Saved entries
= = = =

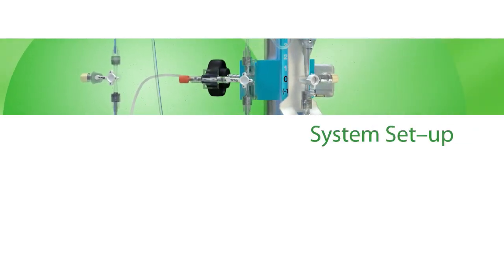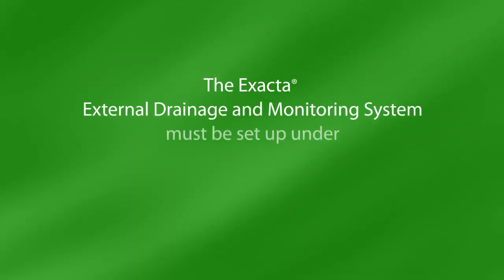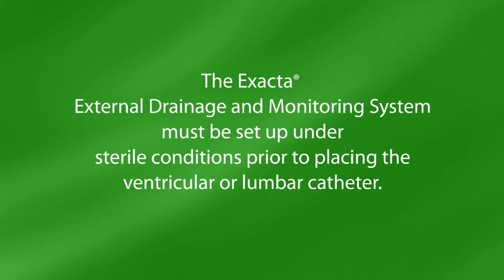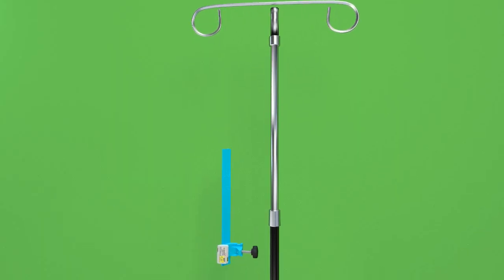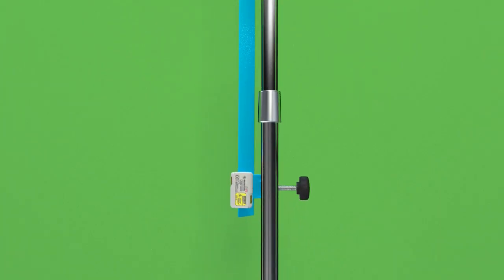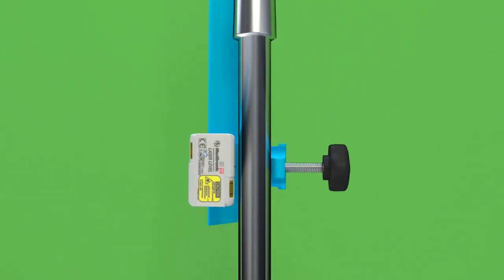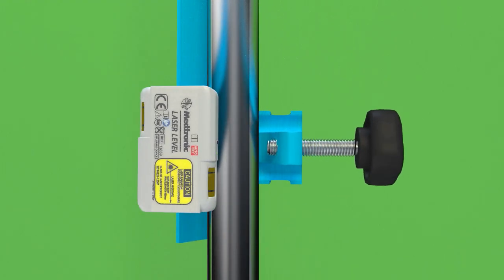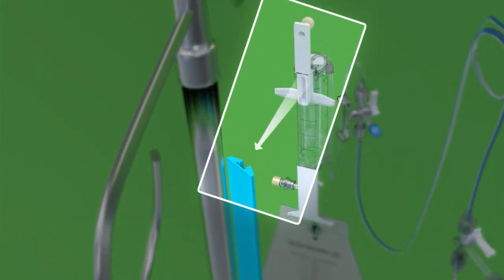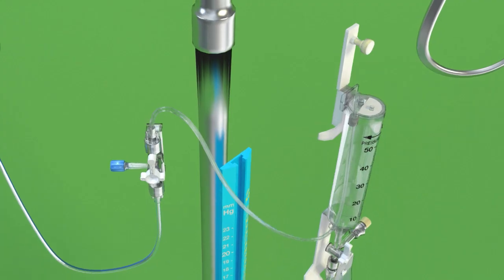System Setup. The Xacta External Drainage and Monitoring System must be set up under sterile conditions prior to placing the ventricular or lumbar catheter. First, attach the pole clamp assembly to the IV pole. Using the black knob, tighten the threaded bolt to engage with the pole. Slide the drip chamber bracket into the groove at the top of the blue pole clamp assembly.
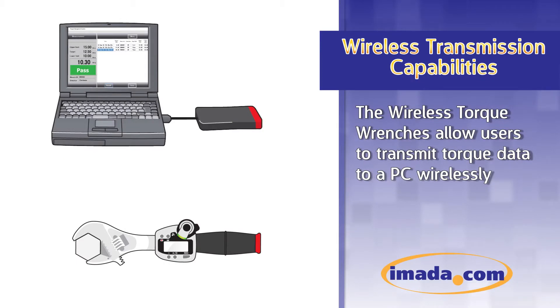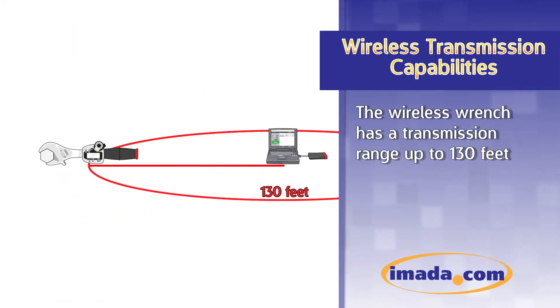Wireless torque wrenches allow users to transmit torque data to a PC wirelessly. The wireless wrench has a transmission range of up to 130 feet.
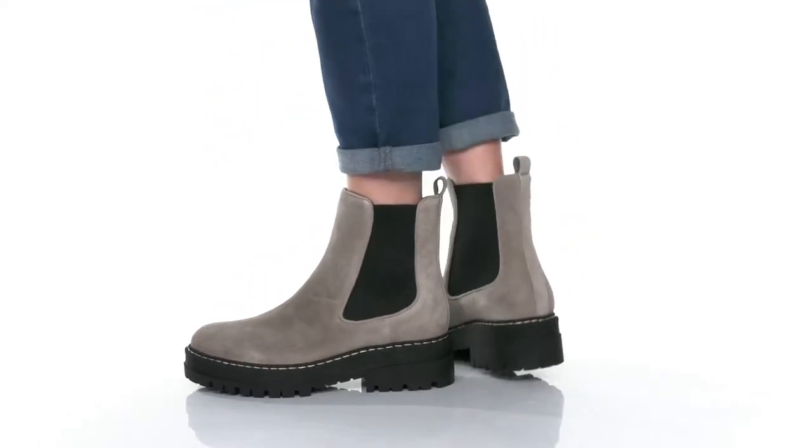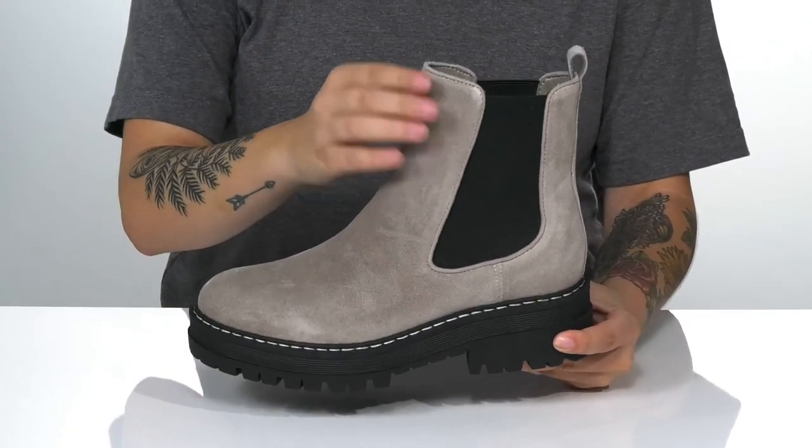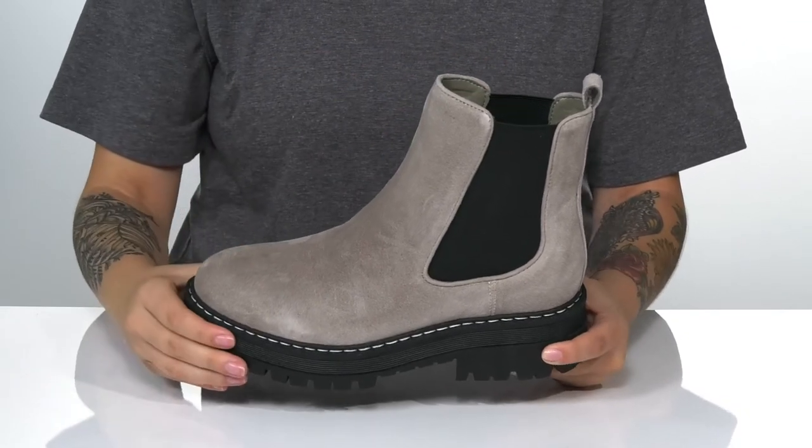Slip right into comfort and style with these cool boots on your feet. These have a suede and textile upper with a man-made inner lining. There's also a lightly padded footbed for comfort.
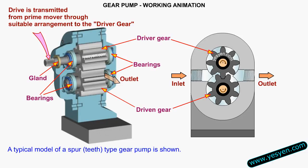Gear Pump Working. A typical model of a spur type gear pump is shown.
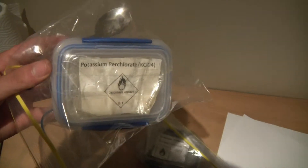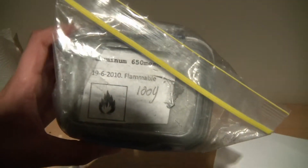Hello viewers, today we will be making a video on flash powder. Flash powder is a pyrotechnic composition comprised of two chemicals: a source of oxygen, which is usually potassium perchlorate, and a fuel, which is very fine aluminum powder.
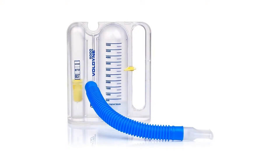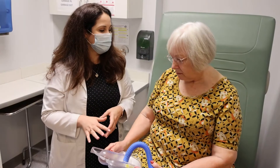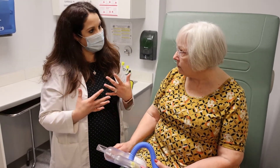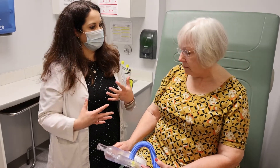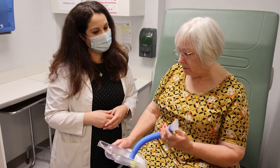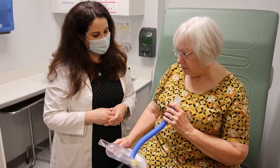This is the incentive spirometer. To use the incentive spirometer, you want to take a deep breath in and exhale all of your air. As soon as you empty your lungs of air, put your mouth on the mouthpiece and take a slow deep breath in.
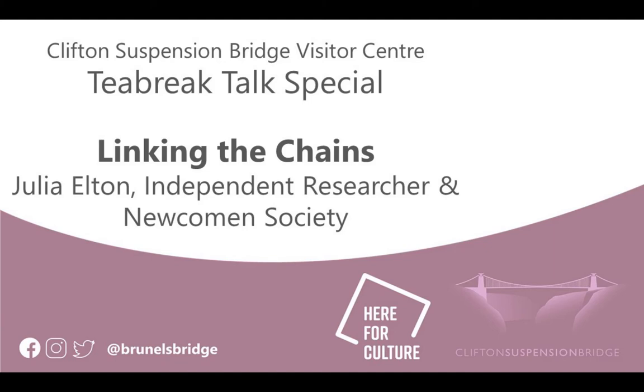I'm Julia Elton, and as several of you know, I've been doing over the last five or six years a lot of in-depth research into the Clifton Suspension Bridge, about which untold twaddle has been written, mostly by Isambard Brunel Jr.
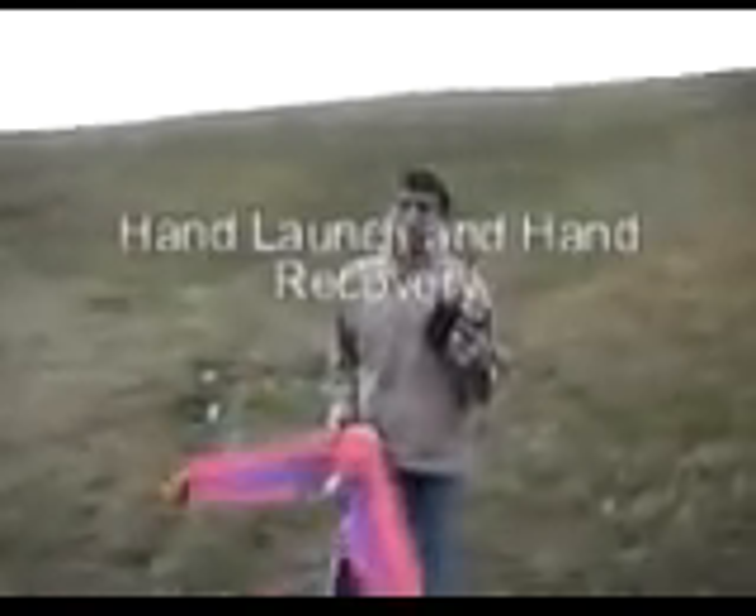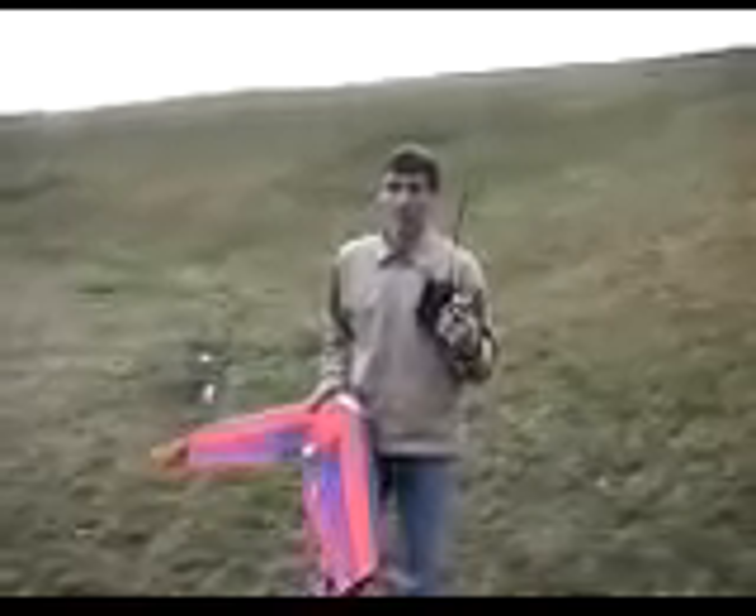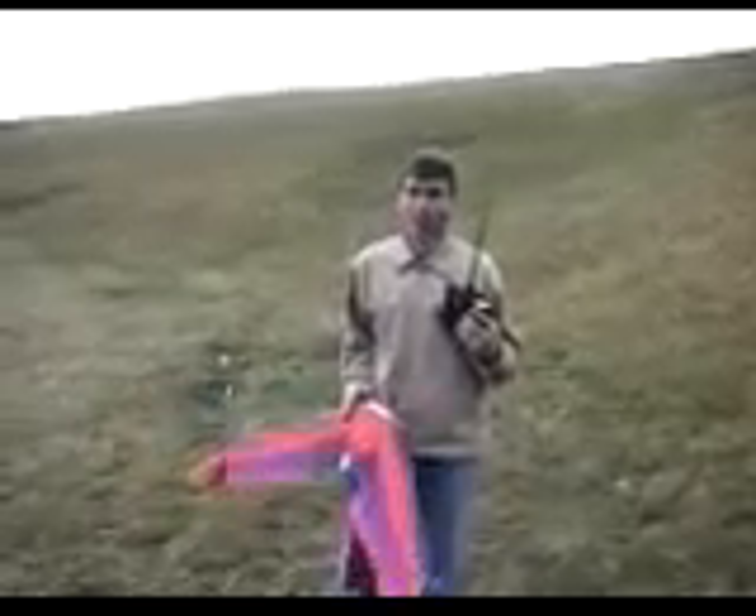We're going to do a demonstration of this particular aircraft. We're going to do a hand launch, fly it around slow, and then show some maneuverability with fast flight, and then bring it in for a catch land. Sounds good. Okay, here's the hand launch. Starts out zero power.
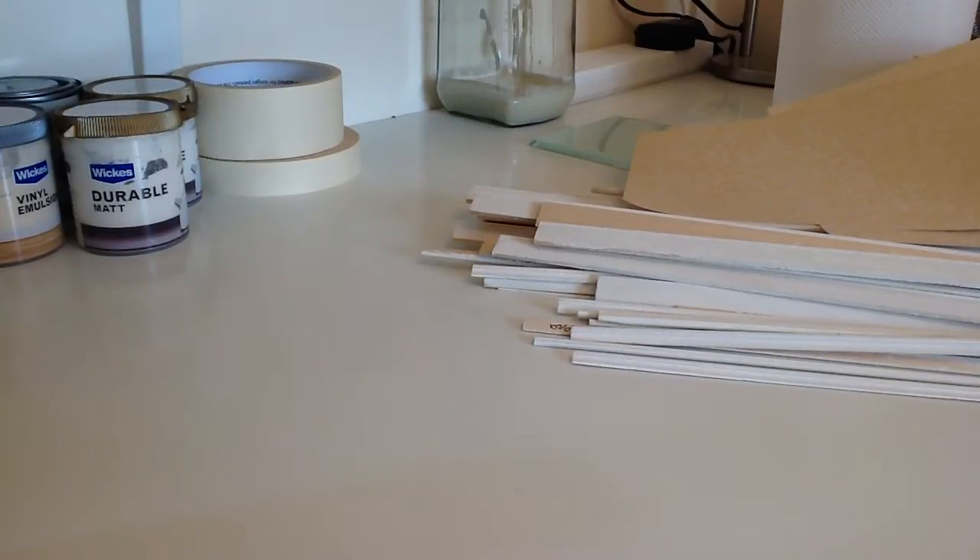Hi, this is the first of a three-parter just to show you how I go about wallpapering my doll's house. The first thing I thought I'd show you was the glue I use.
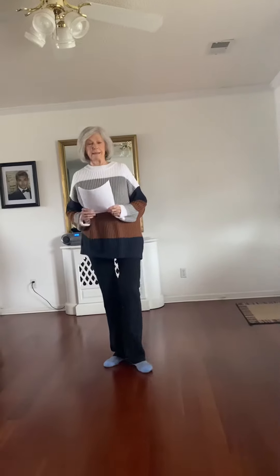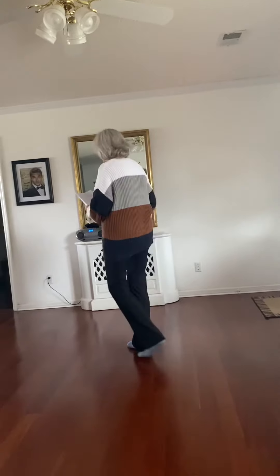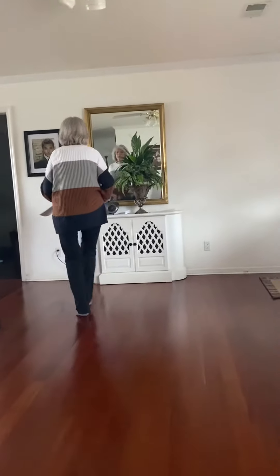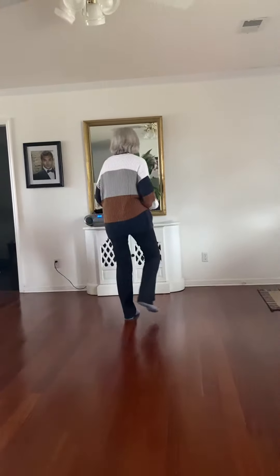The name of this line dance is Love Flow. Turn around. You're going to do a cross recover step. Cross and step.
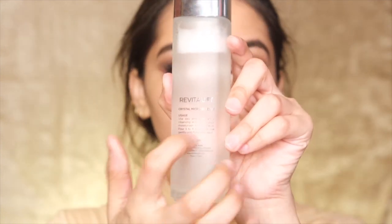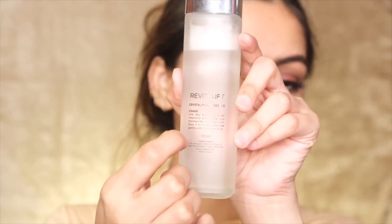The usage instructions are written on the back of the bottle. It says to use day and night after cleansing and before your moisturizer and sunscreen — three to four drops, and pat gently until fully absorbed. I use my hands to apply it.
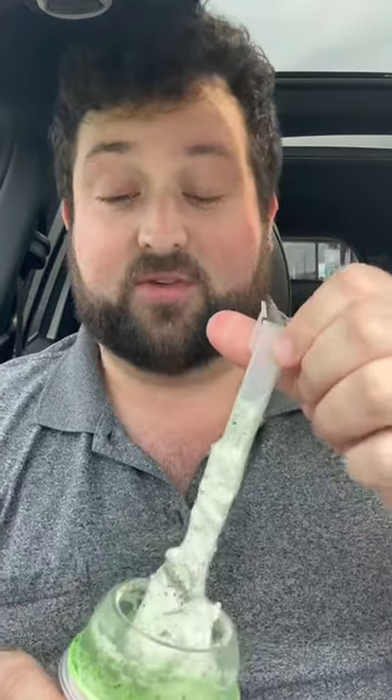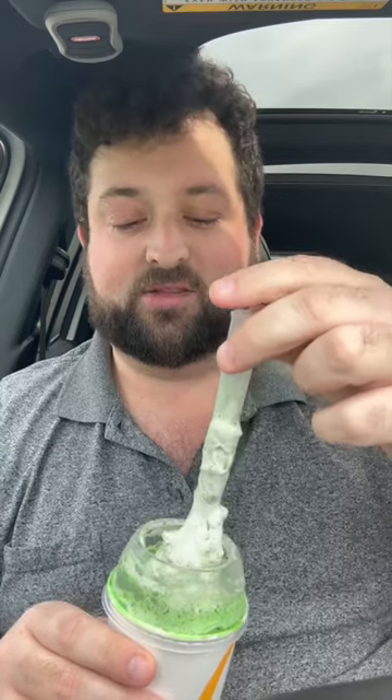Now I'm going to try the Oreo Shamrock McFlurry, which they decided to shove the spoon all the way in for some reason. Now it's all over the top of it. Here we go. This looks unappetizing.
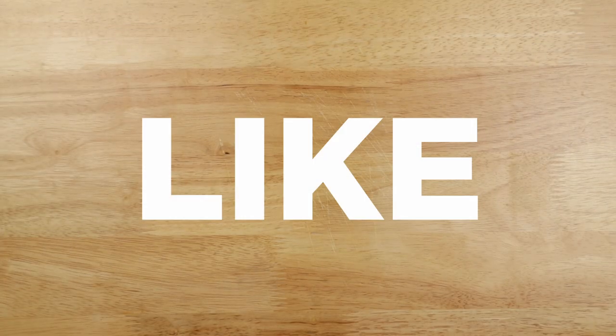If you're enjoying learning some new recipes for family dinner, click that like button for me. It helps YouTube recommend my videos to more people, and I appreciate you helping me grow my channel.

= = = =

• _Exercise requirements_:
The result should be a verbatim copy of the data, free of pictures.

• _Answer to this task_:
System Setup. The Xacta External Drainage and Monitoring System must be set up under sterile conditions prior to placing the ventricular or lumbar catheter. First, attach the pole clamp assembly to the IV pole. Using the black knob, tighten the threaded bolt to engage with the pole. Slide the drip chamber bracket into the groove at the top of the blue pole clamp assembly.
Wireless torque wrenches allow users to transmit torque data to a PC wirelessly. The wireless wrench has a transmission range of up to 130 feet.
Slip right into comfort and style with these cool boots on your feet. These have a suede and textile upper with a man-made inner lining. There's also a lightly padded footbed for comfort.
Gear Pump Working. A typical model of a spur type gear pump is shown.
Hello viewers, today we will be making a video on flash powder. Flash powder is a pyrotechnic composition comprised of two chemicals: a source of oxygen, which is usually potassium perchlorate, and a fuel, which is very fine aluminum powder.
This is the incentive spirometer. To use the incentive spirometer, you want to take a deep breath in and exhale all of your air. As soon as you empty your lungs of air, put your mouth on the mouthpiece and take a slow deep breath in.
I'm Julia Elton, and as several of you know, I've been doing over the last five or six years a lot of in-depth research into the Clifton Suspension Bridge, about which untold twaddle has been written, mostly by Isambard Brunel Jr.
We're going to do a demonstration of this particular aircraft. We're going to do a hand launch, fly it around slow, and then show some maneuverability with fast flight, and then bring it in for a catch land. Sounds good. Okay, here's the hand launch. Starts out zero power.
Hi, this is the first of a three-parter just to show you how I go about wallpapering my doll's house. The first thing I thought I'd show you was the glue I use.
The name of this line dance is Love Flow. Turn around. You're going to do a cross recover step. Cross and step.
The usage instructions are written on the back of the bottle. It says to use day and night after cleansing and before your moisturizer and sunscreen — three to four drops, and pat gently until fully absorbed. I use my hands to apply it.
Now I'm going to try the Oreo Shamrock McFlurry, which they decided to shove the spoon all the way in for some reason. Now it's all over the top of it. Here we go. This looks unappetizing.
If you're enjoying learning some new recipes for family dinner, click that like button for me. It helps YouTube recommend my videos to more people, and I appreciate you helping me grow my channel.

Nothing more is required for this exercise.